''Ülke halklarının, demokrasi, özgürlük, kardeşlik ve onurlu barışı için yürüttükleri mücadelenin bugün tarihi bir eşikte olduğunun'' öne sürüldüğü mesajda, şunlar kaydedildi:
''Kırk yıllık hareketimizin acılarla dolu geçen bu mücadelesi, boşa gitmediği gibi aynen sürdürülemez bir aşamaya da varmış bulunmaktadır. Tarih ve halklarımız bizden dönemin ruhuna uygun bir demokratik çözümü ve barışı talep etmektedir. Bu temelde tarihi Dolmabahçe Sarayı'nda, hepimizce resmen ilan edilen 10 maddelik deklarasyon temelinde yeni bir süreci başlatma görevi ile karşı karşıyayız.
Deklarasyon gereği ilkelerde mutabakat oluşmasıyla birlikte PKK'nın Türkiye Cumhuriyeti'ne karşı yaklaşık kırk yıldır yürüttüğü silahlı olan mücadeleyi sonlandırmak ve yeni dönemin ruhuna uygun siyasal ve toplumsal strateji ve taktiklerini belirlemek için bir kongre yapmalarını gerekli ve tarihi görmekteyim.
Umarım ilkesel mutabakata en kısa sürede varıp Parlamento üyeleri ve İzleme Heyetinden teşkil edilen bir hakikat ve yüzleşme komisyonundan geçerek, bu kongreyi başarıyla realize etme durumunu yaşarız. Bu kongremizle birlikte artık yeni bir dönem başlamaktadır.''
Önder, "Bu yeni dönemde, Türkiye Cumhuriyeti dahilinde özgür ve eşit anayasal yurttaşlık temelinde demokratik kimlik sahibi demokratik toplum olarak, barış içinde ve kardeşçe yaşama sürecine giriyoruz" ifadesini paylaştı.
Ortadoğu üzerindeki emellerinden vazgeçmeyen emperyalist güçlerin yol açtığı son zorbalığın DAEŞ görüntüsünde ortaya çıktığı belirtilen mesajda,"Özgürlüğe kanat çırpan kadınlar ve gençler ekonomik, sosyal, siyasal ve güvenlik alanlarında özgürlük ve eşitlik mücadelesinde en aktif bir biçimde yer almaya ve başarmaya" davet edildi.
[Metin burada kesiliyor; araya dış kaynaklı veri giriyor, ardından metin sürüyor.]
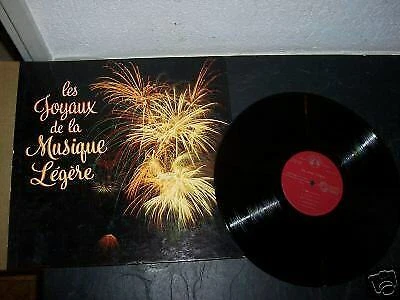 Vinyles LP classiques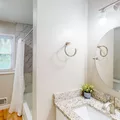 Coliving in Gresham Park - South Atl, Atlanta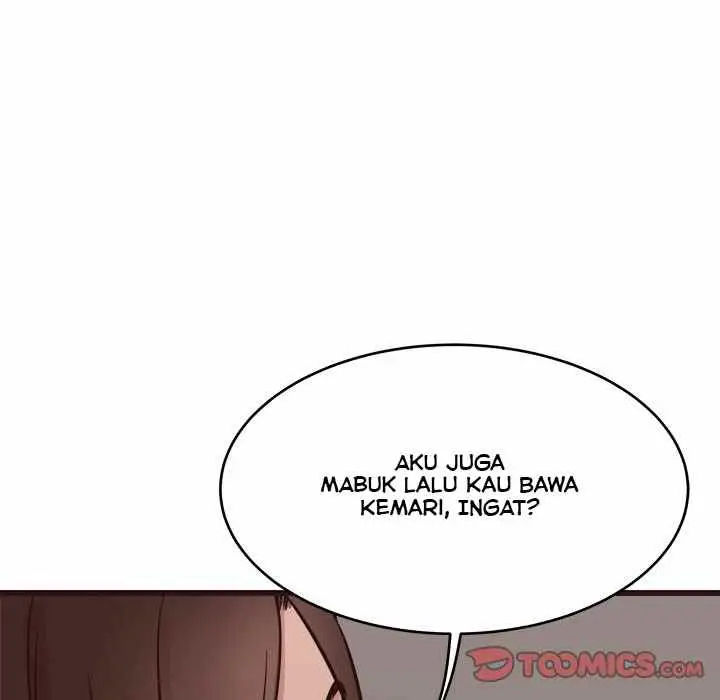 image-komik-stupid-love-gadis-bodoh-chapter-27-25/128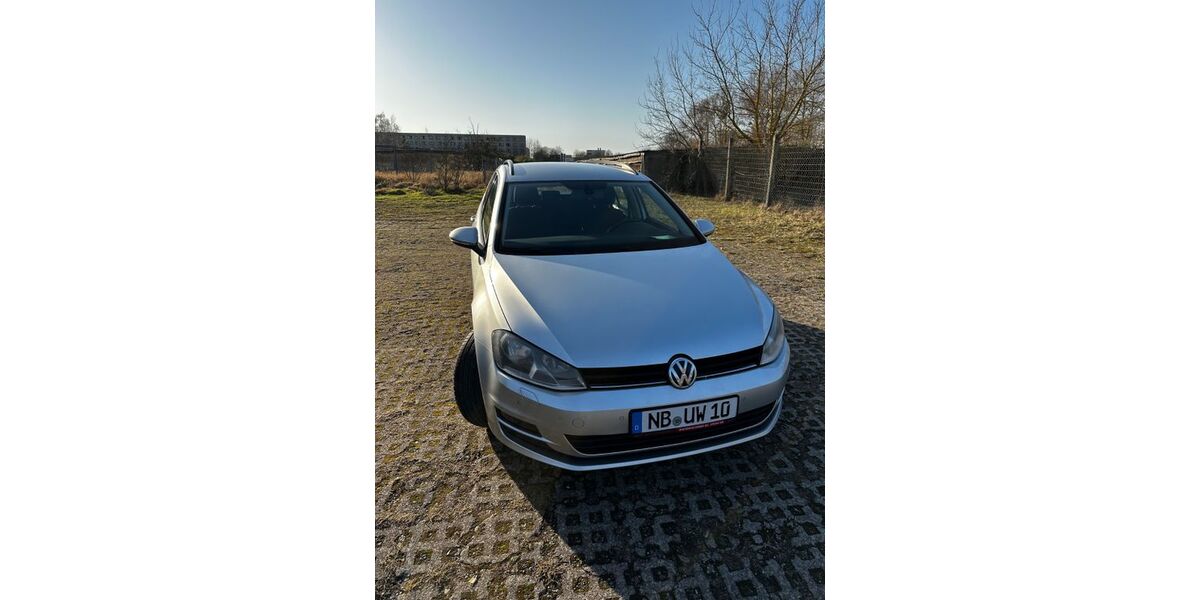 VW Golf 230.000 km 6.000 &euro; Neubrandenburg 17034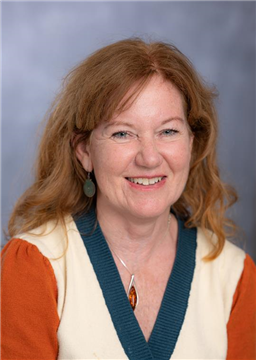 Eva Elvin fd. Andersson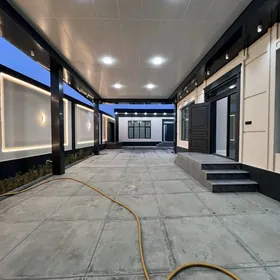 Howly jay obmen bar masyn bn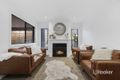 Property photo of 128 Yuruga Boulevard Point Cook VIC 3030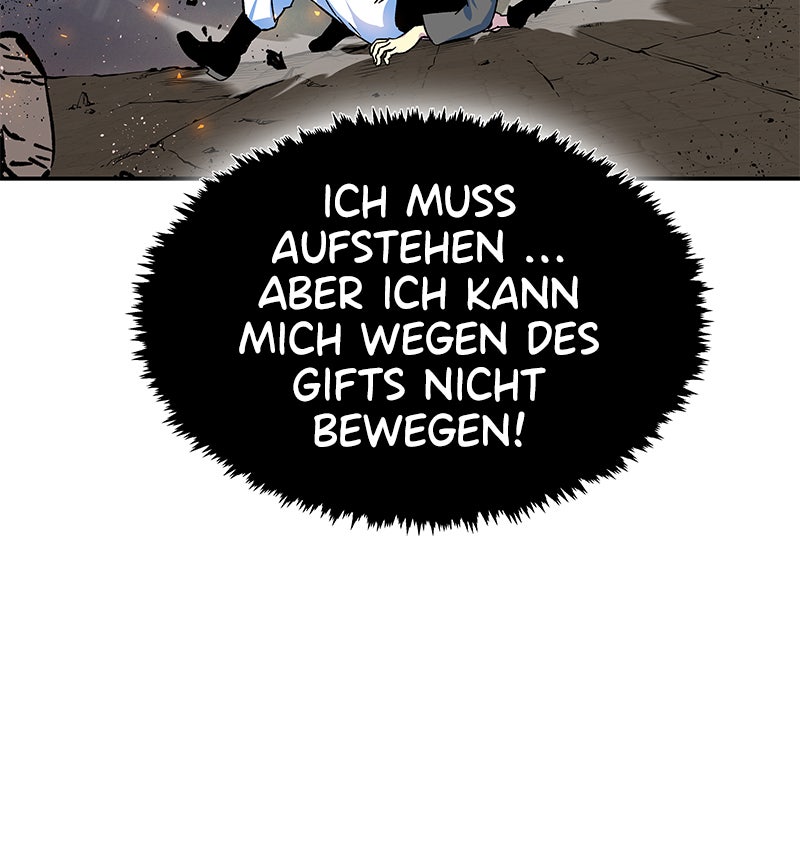 Read X & Ash Manga Online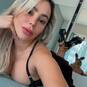 Sof real (Photo #5)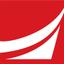 Armed Forces Bank Logo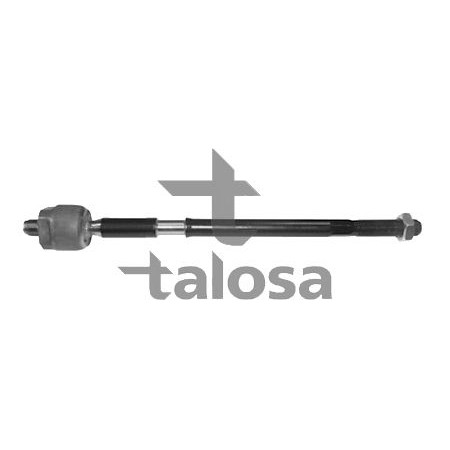 Снимка на Вътрешен кормилен накрайник TALOSA 44-03519 за VW Jetta 3 (1H2) 1.8 - 90 коня бензин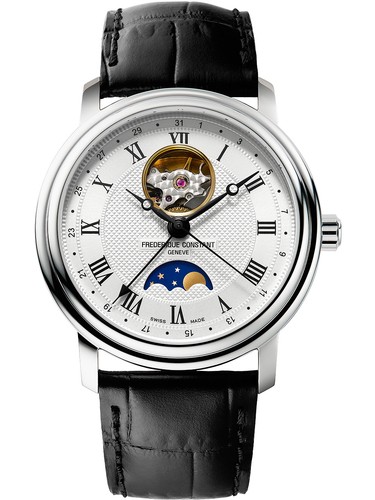 Frederique constant - frederique,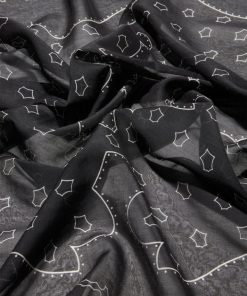 Cesaradair.shop5a05215f8f 2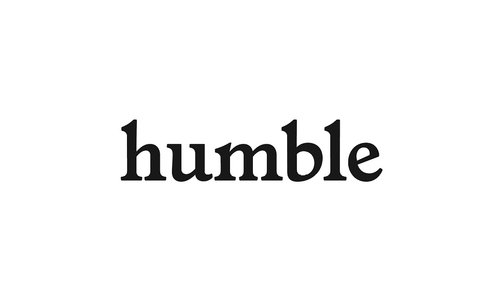 Humble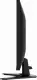 MSI MAG 325QF E18V #9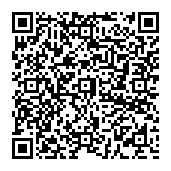 華亞科技園區全新廠辦678樓可分租-QR CODE
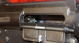 Colt (<span class=notranslate> Niedermeier GmbH </span>) - M16A1 = M16 SG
Mesajda, "Hem bölgemiz için hem de uluslararası dünya için büyük anlamı olan Kobani direnişini ve zaferini selamlıyorum. Bu temelde gelişen 'Eşme ruhunu' halklarımız arasında yeni tarihin sembolü olarak selamlıyorum. Yukarıda belirlemeye çalıştığım tüm bu saptamalar tek cümleyle tarihimizin ve güncelliğimizin toplum olarak yeniden revizyonu, restorasyonu ve yeniden inşası için değerli bir çağrıdır. Tekrar bu tarihi nevruzun şahsınızda tüm insanlık için büyük hayırlara vesile olması dileğiyle selamlıyorum. Yaşasın nevruz, yaşasın halkların kardeşliği."